Data listing Start Marker
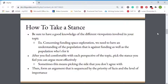Then you form an argument that is sequenced by the priority of facts and the level of importance. Based on the level of importance of all your facts and how strong they are, you want to order them in a way that really helps strengthen your argument. I would recommend starting with the strongest argument you have and then going down the line into ones that maybe some people would find disagreeable.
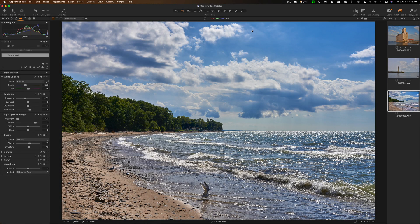Hey guys, this is Anthony Morganti from mrphotographer.com. Recently Phase One updated Capture One 12 to version 14.3. In this new version of Capture One there is a new brush called the magic brush, which allows you to very quickly and easily add a mask to your image. In this video I'm going to demonstrate how to use it.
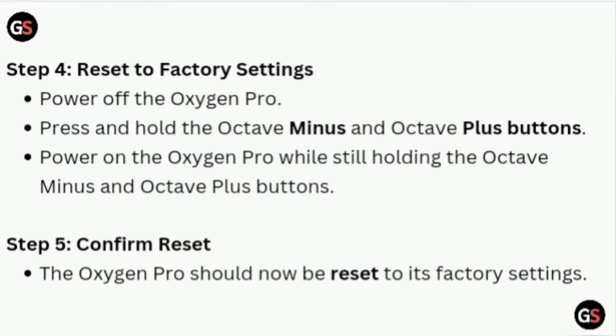Step 5: Confirm Reset. The Oxygen Pro should now be reset to its factory settings.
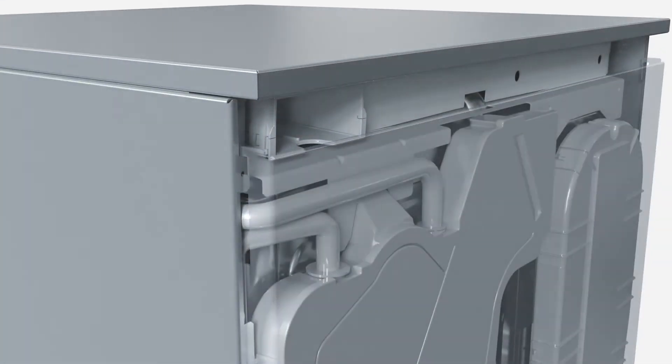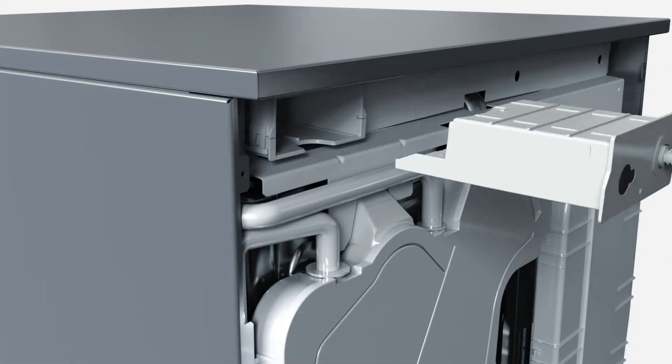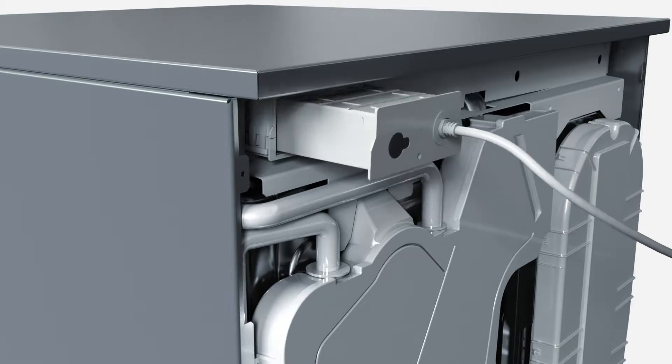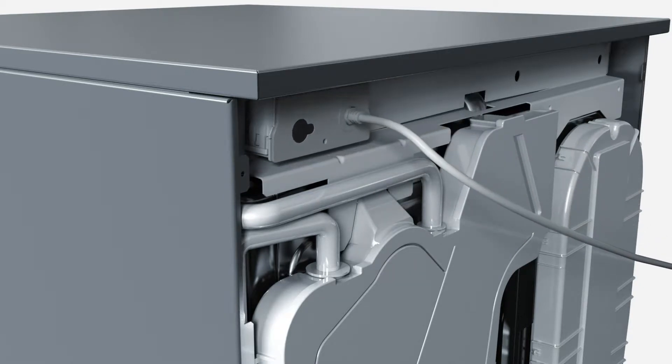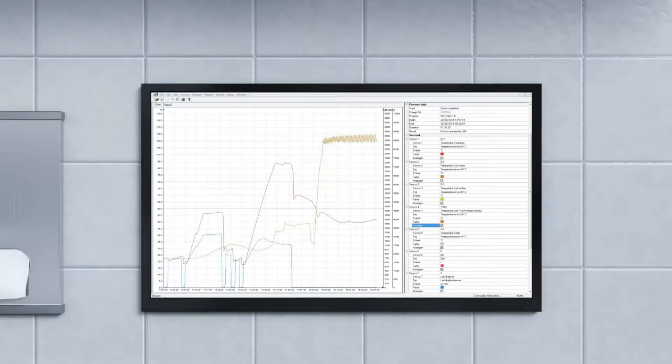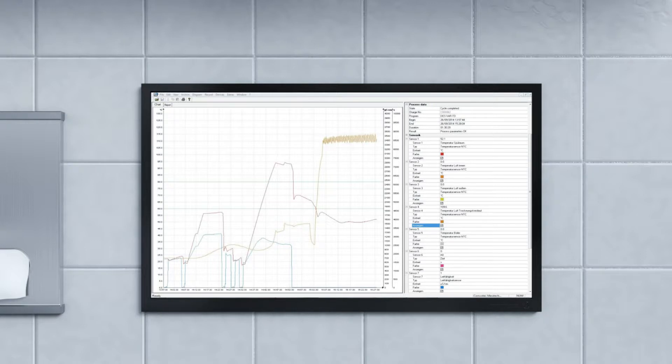With the aid of the Ethernet module, the machine can also be conveniently connected to process documentation systems. Automatic network parameter selection and the use of common IT standards guarantee ease of operation.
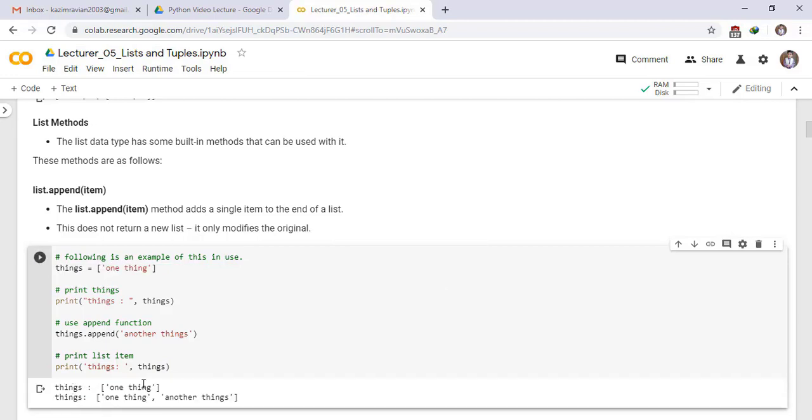This is the first. This is our original list. This is our updated list with the value and another things at the end of this list.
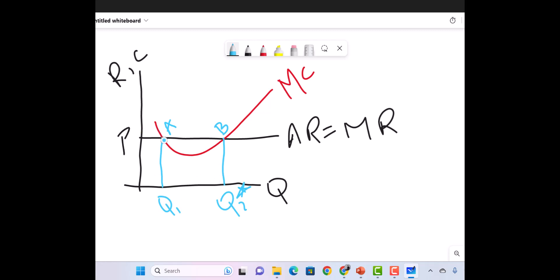At point B we are producing more units compared to point A. Any quantity beyond point B will result in a loss — for example, if you produce beyond this point, your cost exceeds your revenue and that area represents your loss. Similarly, producing less than Q* also results in losses because marginal cost is greater than marginal revenue. The only point giving maximum profit is point B, where both conditions are met.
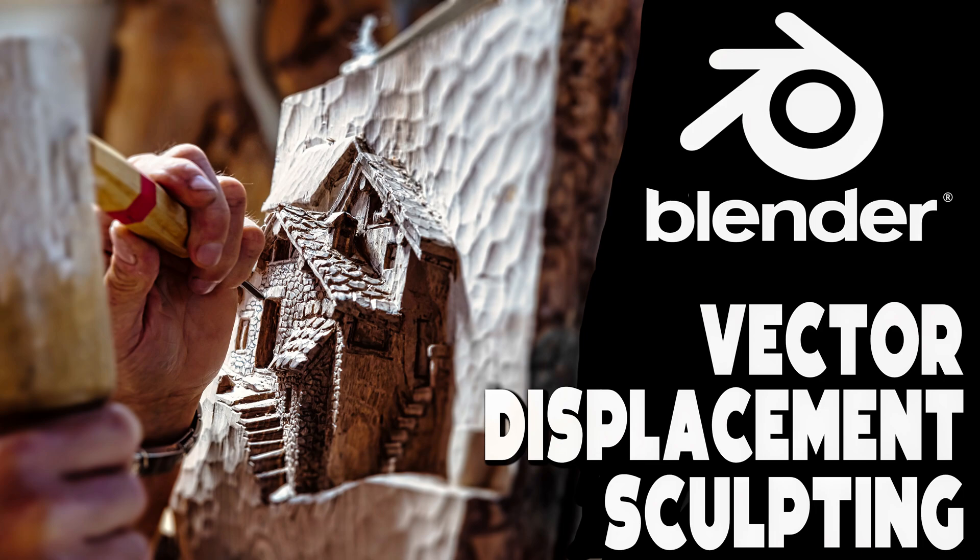Hello ladies and gentlemen, it's Mike here at Game From Scratch. Blender Sculpting is about to get a powerful new ability, something called VDM, or Vector Displacement Maps.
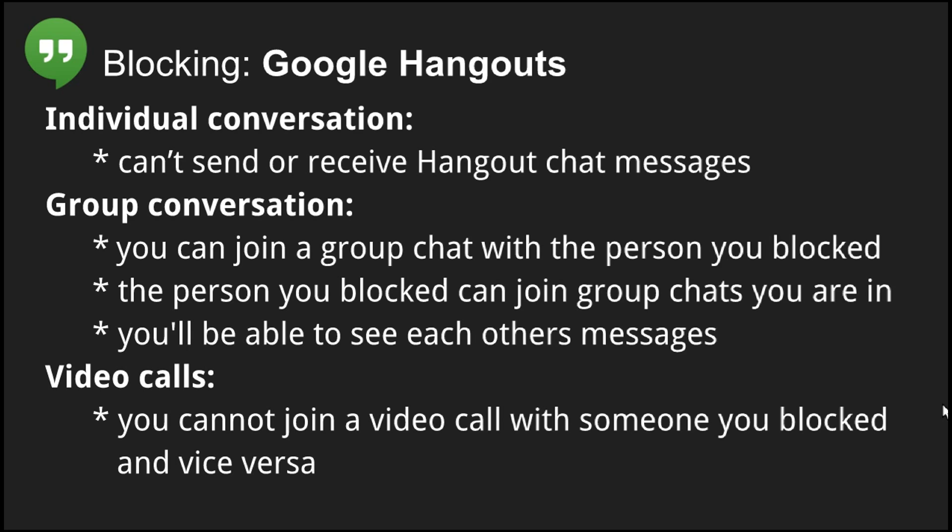However, you cannot join a video call if the person you blocked is already in the video call, and the same is true in reverse. The person you blocked cannot join a video call with you.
Data listing End Marker
* **Exercise instructions**
The reply should consist of the listing restated word for word, with its pictures removed.

* **Answer to the problem**
Then you form an argument that is sequenced by the priority of facts and the level of importance. Based on the level of importance of all your facts and how strong they are, you want to order them in a way that really helps strengthen your argument. I would recommend starting with the strongest argument you have and then going down the line into ones that maybe some people would find disagreeable.
Hey guys, this is Anthony Morganti from mrphotographer.com. Recently Phase One updated Capture One 12 to version 14.3. In this new version of Capture One there is a new brush called the magic brush, which allows you to very quickly and easily add a mask to your image. In this video I'm going to demonstrate how to use it.
Step 5: Confirm Reset. The Oxygen Pro should now be reset to its factory settings.
With the aid of the Ethernet module, the machine can also be conveniently connected to process documentation systems. Automatic network parameter selection and the use of common IT standards guarantee ease of operation.
This is the first. This is our original list. This is our updated list with the value and another things at the end of this list.
At point B we are producing more units compared to point A. Any quantity beyond point B will result in a loss — for example, if you produce beyond this point, your cost exceeds your revenue and that area represents your loss. Similarly, producing less than Q* also results in losses because marginal cost is greater than marginal revenue. The only point giving maximum profit is point B, where both conditions are met.
Hello ladies and gentlemen, it's Mike here at Game From Scratch. Blender Sculpting is about to get a powerful new ability, something called VDM, or Vector Displacement Maps.
However, you cannot join a video call if the person you blocked is already in the video call, and the same is true in reverse. The person you blocked cannot join a video call with you.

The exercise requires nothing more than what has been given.